In the same way, neurodivergent people are not better or worse than neurotypical people, just different. They too may face challenges from being different to the norm and can be disabled not by being deficient in any way, but by living in a world designed for a different way of thinking (just as someone in a wheelchair is disabled by a flight of stairs with no alternative of a lift or ramp). However, while someone who is very tall or short is obviously different when you see them, neurodivergent people’s differences are much less visible, and therefore easily forgotten or overlooked by others.

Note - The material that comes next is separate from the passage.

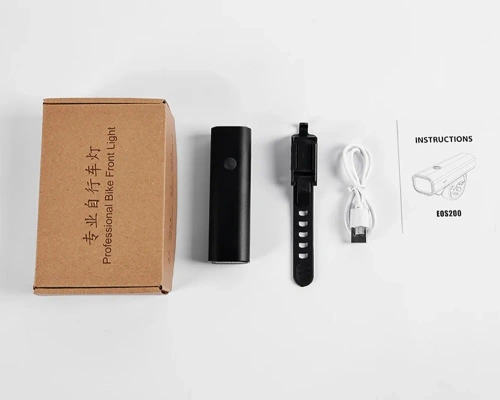 LED-Fahrradscheinwerfer | 400 lm, USB-C, wasserdicht, SOS-Modus, integrierter Akku | XJLQD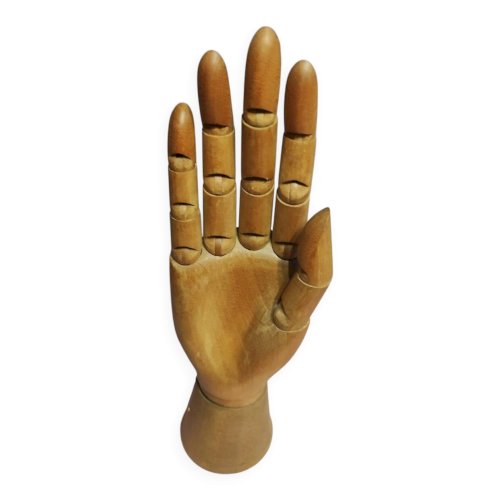 Main articulée en bois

Many neurodivergent people have what are termed 'spiky profiles' – they are very good at some things, and very challenged in other areas, with relatively few areas of moderate natural ability. Neurodivergence is not a mental illness, though many neurodivergent people struggle with conditions like anxiety and depression though trying to manage their differences in a world designed for a different way of thinking.


Neurodivergence can be thought of as falling into different categories. Some of the official names of these term them conditions or disorders, which carries unhelpful negative connotations – they are differences, not deficits. It is also important to remember that many neurodivergent people may be in several categories, even where the common traits of these seems contradictory. All varieties of neurodivergence bring a mix of strengths and challenges.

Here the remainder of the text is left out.